What you will do: Find the line below with "A man asleep" and the line with "Apartamento The Kapitani Residence". Output exactly those lines and everything between them, leaving out the pictures.
Segment Start: Provided entries
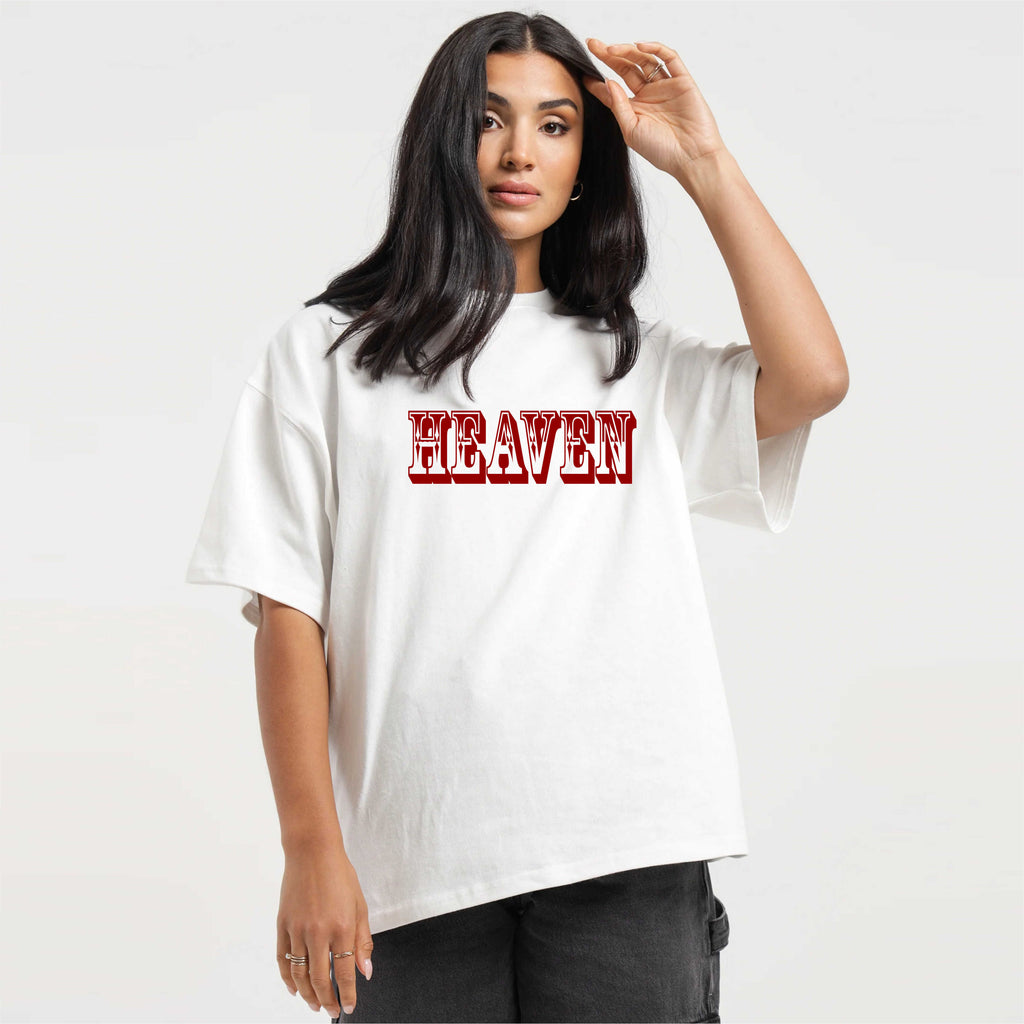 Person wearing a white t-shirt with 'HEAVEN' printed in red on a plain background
Segment End: Provided entries
Segment Start: Provided entries
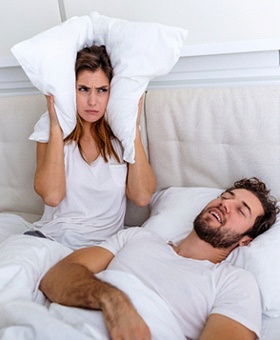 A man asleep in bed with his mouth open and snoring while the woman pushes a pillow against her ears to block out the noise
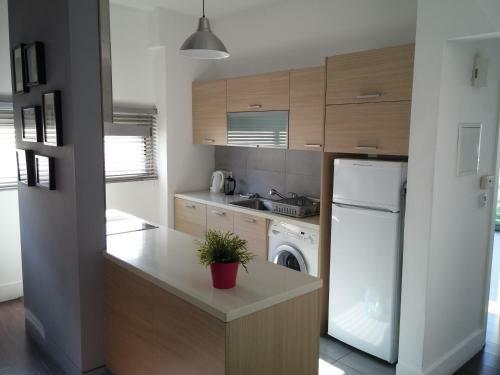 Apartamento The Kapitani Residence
Segment End: Provided entries
Your response:
 A man asleep in bed with his mouth open and snoring while the woman pushes a pillow against her ears to block out the noise
 Apartamento The Kapitani Residence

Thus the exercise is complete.